Traditionally, in practice and in doctrine with the "moderate" interpretation of the text of article 409 of the Civil Code ("payment of funds and transfer of other property") subject to compensation recognized a variety of things and rights, in particular, (in)divisible, (not)movable, (not)consumed), the title of the thing without transfer of the item itself, the share in ownership right on a thing different tradable property rights share in the trust company, the right to claim against a third party, the exclusive rights to the intellectual property. With this approach, the difference between the compensation (replacement of performance) and innovation (replacement of an existing obligation with a new obligation – Civil Code, paragraph 1 of article 414) was quite clear and corresponded to the differences in legal structures.

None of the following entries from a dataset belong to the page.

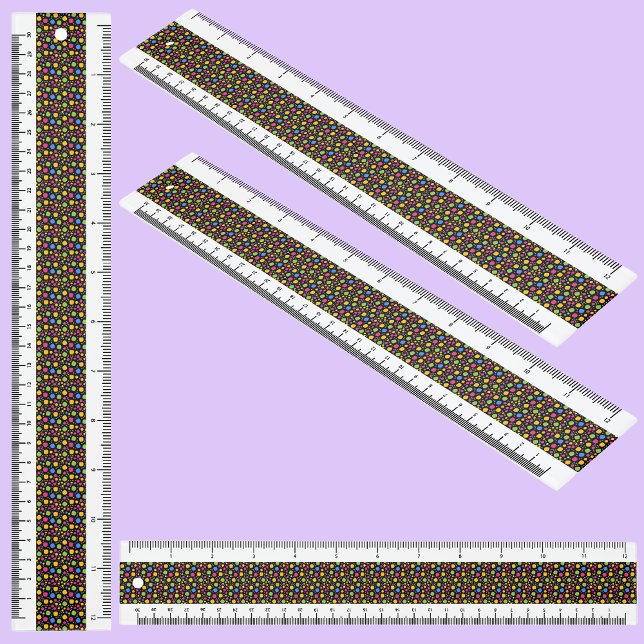 Colorful Abstract Pattern Ruler (Creator Uploaded)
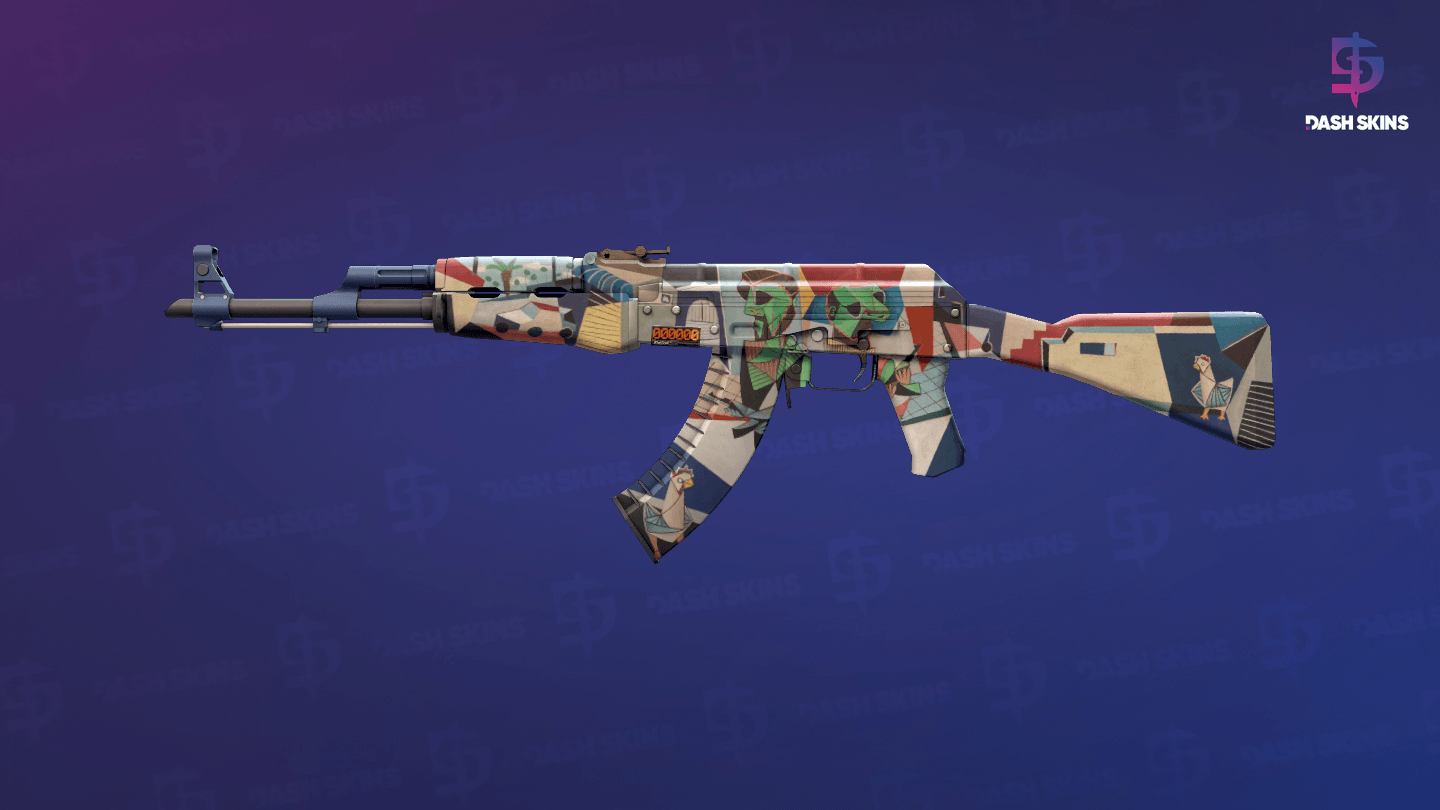 StatTrak™ AK-47 | Leet Museo (Field-Tested) Screenshot Playside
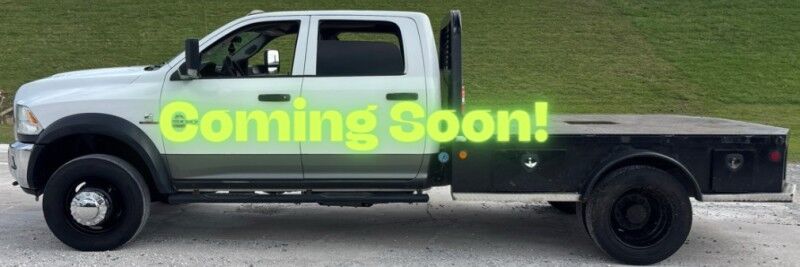 2018 Ram 5500 Chassis Cab Tradesman COMING SOON 6.7L Diesel AISIN Flatbed Dually Gooseneck Arlington TX
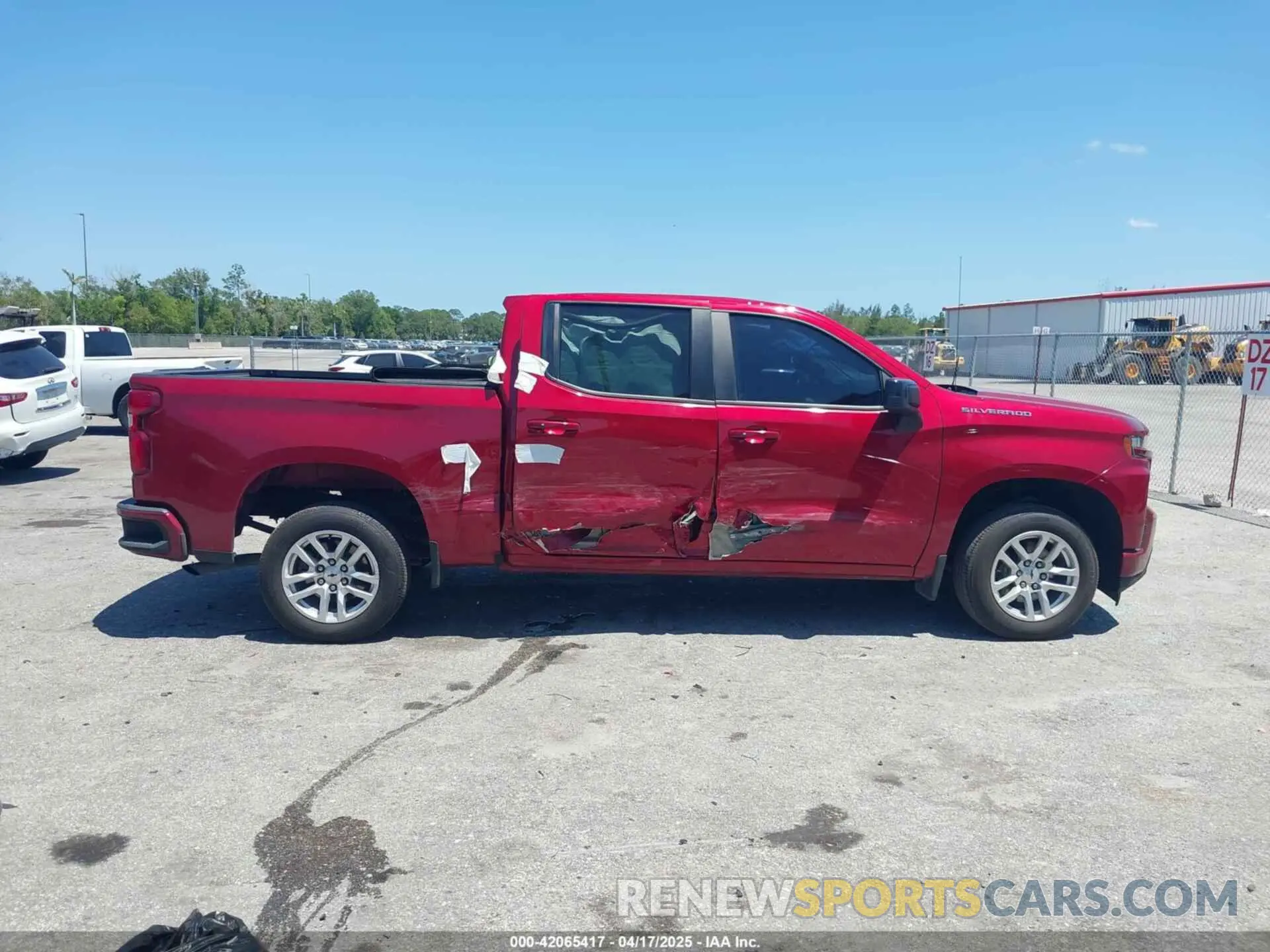 14 Photograph of a damaged car 3GCPWDED7KG206530 CHEVROLET SILVERADO 1500 2019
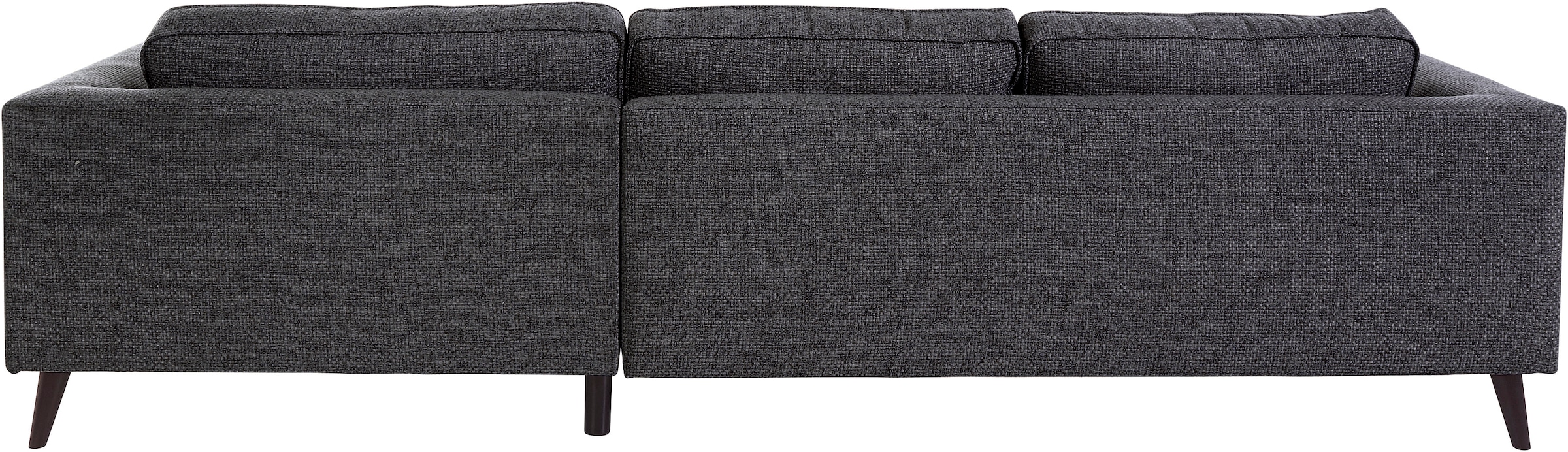INOSIGN Ecksofa »Lumber Jack, elegant und bequem, Breite 280, hoher Fuß, L-Form«, in moderner Optik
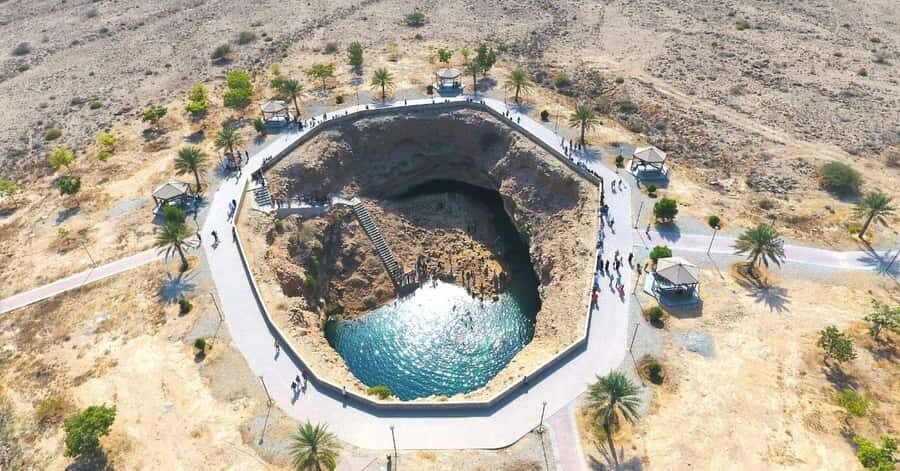 Muscat : Private trip to Wadi Shab + sinkhole - Key things that make this outing worth your time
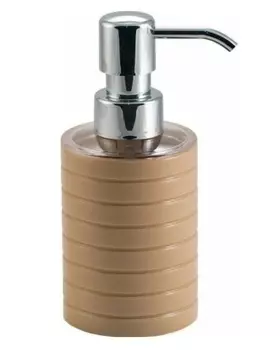 Дозатор жидкого мыла Trento беж, пластик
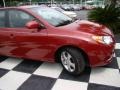 2008 Apple Red Pearl Hyundai Elantra SE Sedan  photo #22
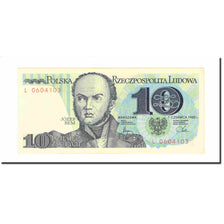 Banknote, Poland, 10 Zlotych, 1982, 1982-06-01, KM:148a, UNC(63)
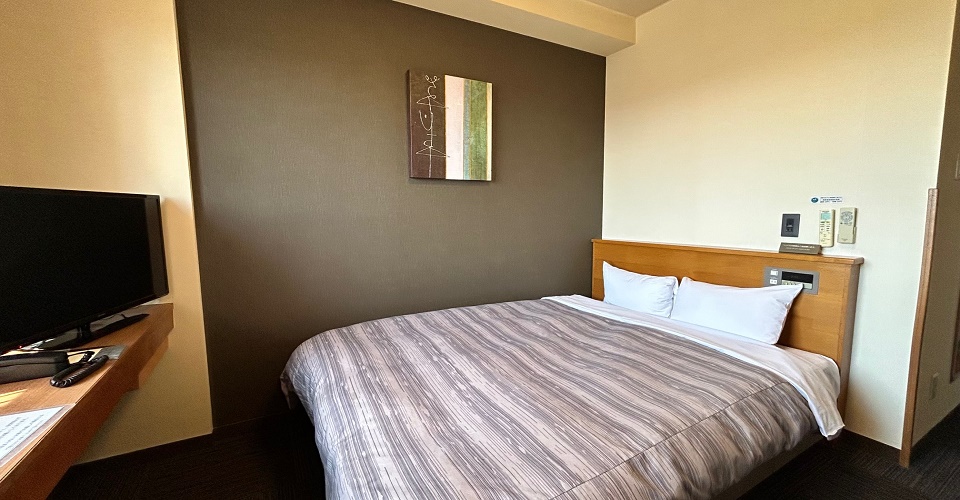 ホテルルートインコート藤岡 ◆加熱式たばこ専用◆ ダブルルーム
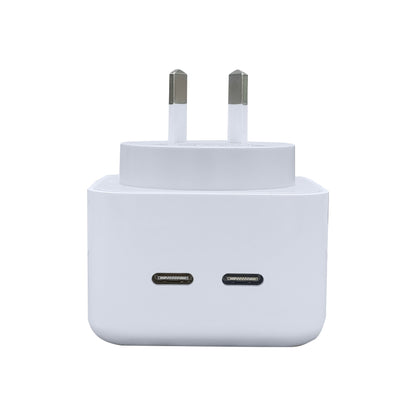 SDC-40W Dual PD USB-C / Type-C Charger for iPhone / iPad Series, AU Plug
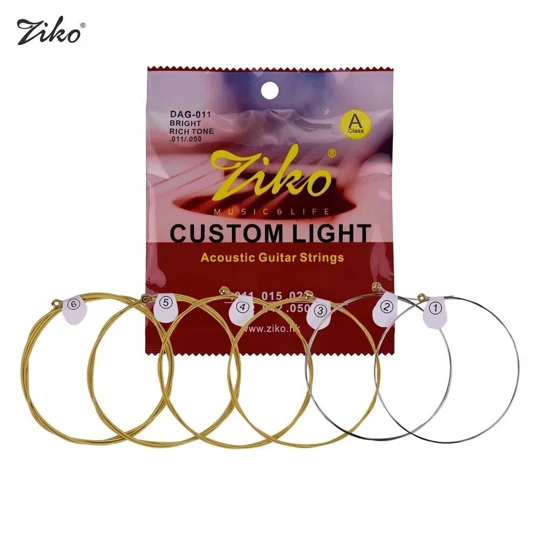 Ziko Acoustic 11 Gauge DAG-011 Guitar Strings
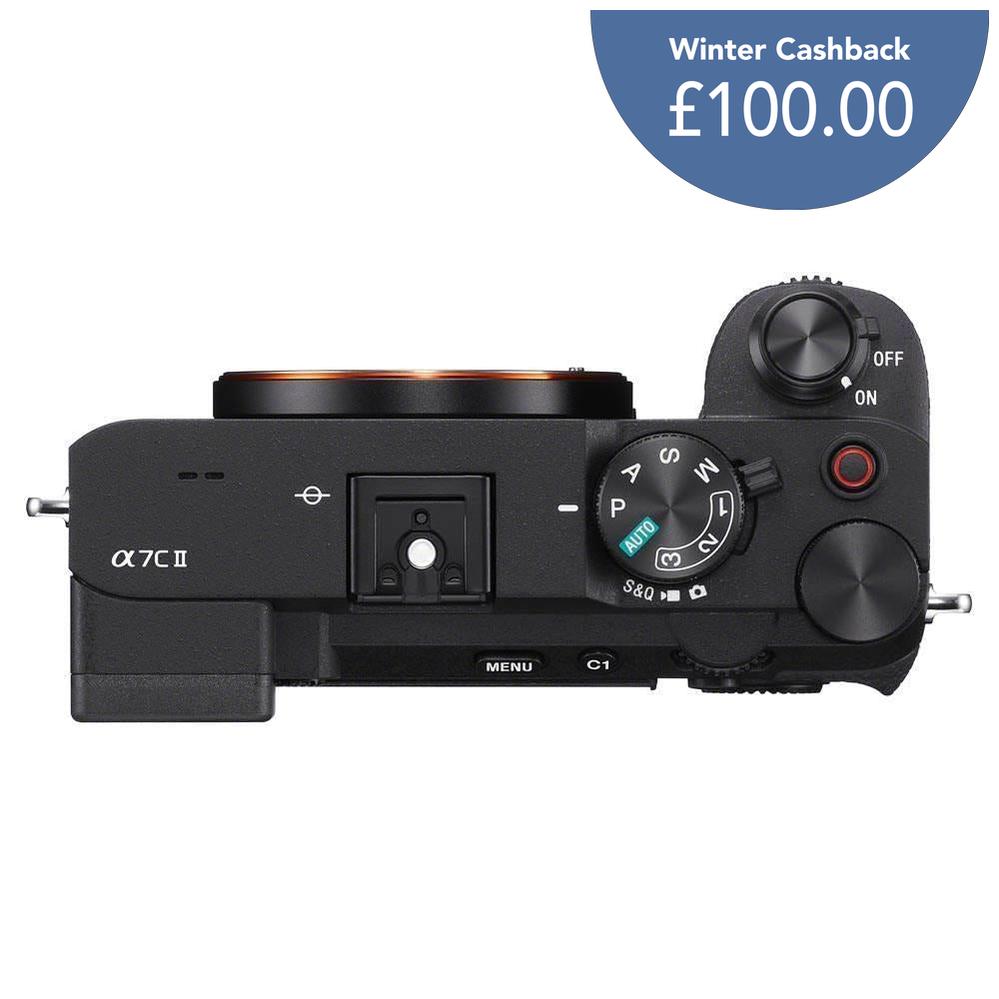 Sony A7C II Digital Camera Body - Black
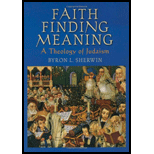 Faith Finding Meaning  A Theology of Judaism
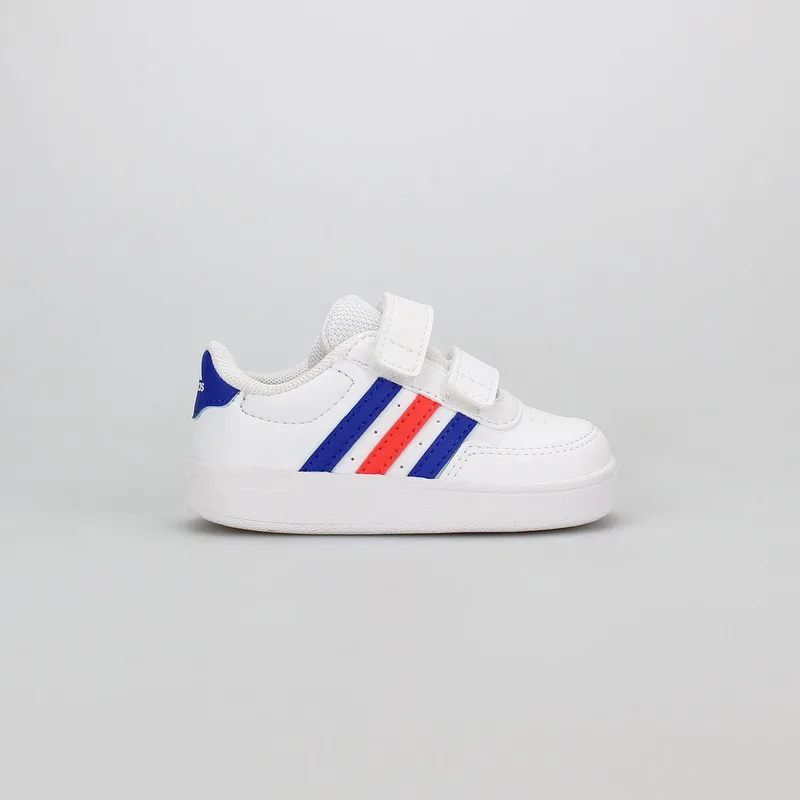 ADIDAS BREAKNET 2.0 CF INFANTS ΑΣΠΡΟ
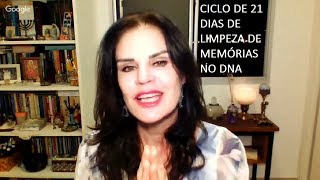 CICLO DE 21 DIAS DE LIMPEZA DE MEMÓRIAS NO DNA Vídeo 01 [upl. by Alina]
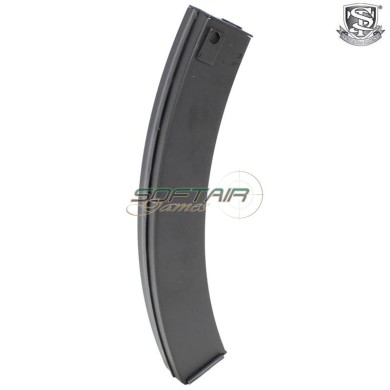 110-Round Mid-Cap Magazine for Type 100 Series Black S&T (STMAG52)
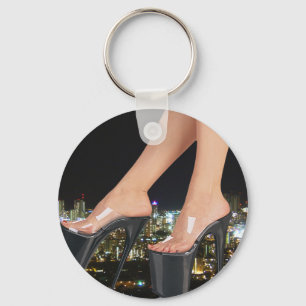 Chaveiro Calçados da cidade - Stiletto Art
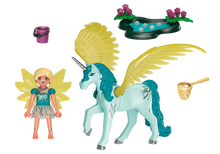 Load image into Gallery viewer, Crystal Fairy + Unicorn - TREEHOUSE kid and craft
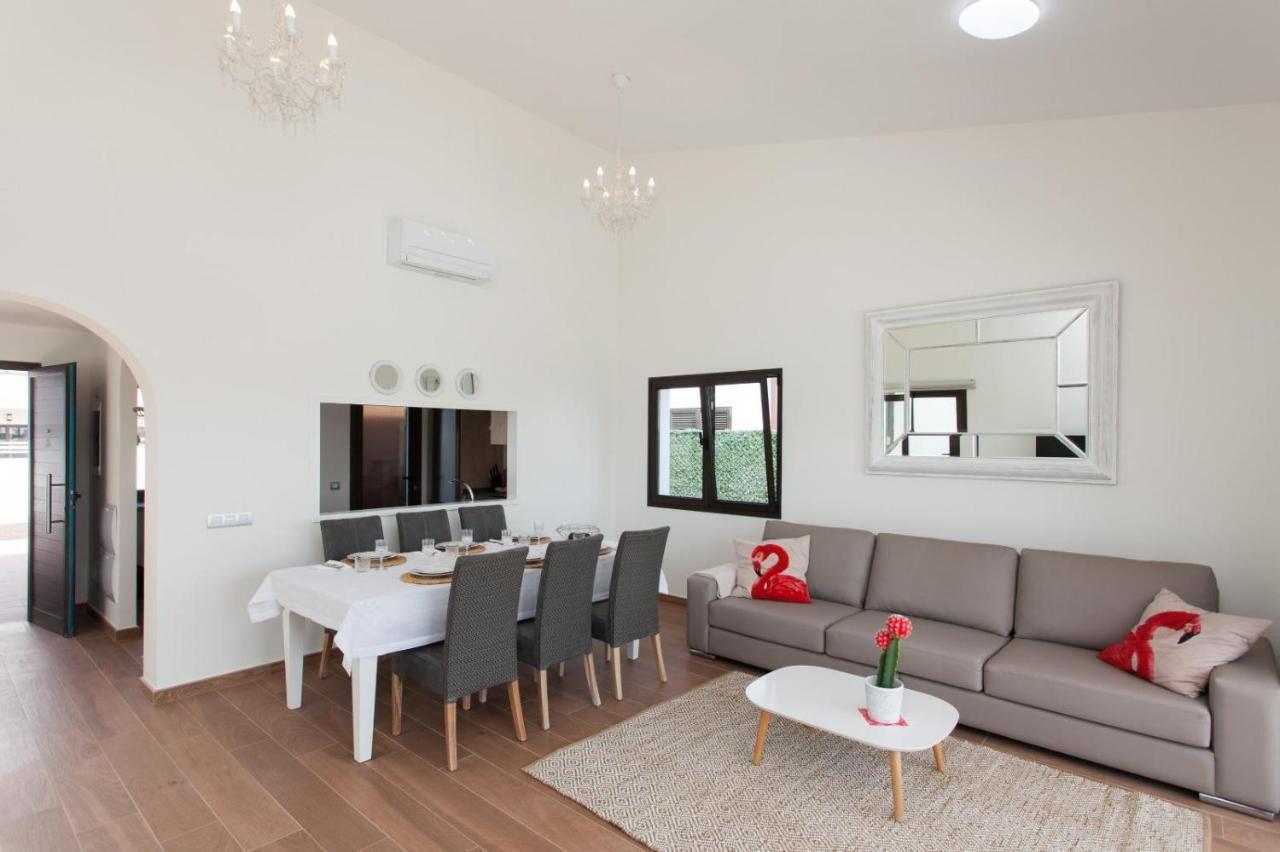 Villa Diamante 2 Golf Private Pool Caleta De Fuste By Holidays Home Ngoại thất bức ảnh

According to the current article 409 of the Russian Federation Civil Code, the legal effect of the indemnity does not occur until the performance is transferred (the concept of the indemnity as a real contract). On the contrary, the legal effect of innovation occurs already by virtue of the conclusion of an agreement (the concept of innovation as a consensual contract). Simply put, the process of creating/acquiring any property to be provided as compensation by the parties is not regulated. Innovation, on the contrary, implies the emergence of independent rights and obligations for the purpose of fulfilling a new obligation.

Clarification from the Plenary of the Russian Federation Supreme Court, it would seem more accurate if the subject of compensation was not specified just "work," "provision of services" (this terminology suggests the emergence of a lasting commitment), and providing the result of works and services (emphasis on all).

You can, of course, recall the previous wording of Civil Code article 409 prior to the amendments to the civil code by Federal law of 8.03.2015 No. 42-FZ, in relation to which in practice of the SCA RF formed approach to settlement and release as consensual transaction that transform a previous commitment in optional and gives the debtor the opportunity to choose which version to provide (item 1 of the Information letter of the SCA Presidium dated 21.12.2005 №102). Also look at item 3 of the Russian Federation Supreme Court decree No. 6 and suspect the Russian Supreme Court of trying to point out that there are no strict and insurmountable boundaries between consensual and real transactions, especially when viewed through the prism of optional and alternative obligations.

At the same time, it is not a question of whether the Russian Federation Supreme Court is right or wrong, but of whether its explanations are accurate, clear and exclude mixing of different constructions.

Thus, since an incorrect phrase may well change the meaning of the agreements (we were thinking about a setback, but concluded an innovation, and vice versa), it is better to check the terminology once again when making an agreement on termination of the obligation, so that the understanding of the parties about how and how the former obligation is terminated coincides.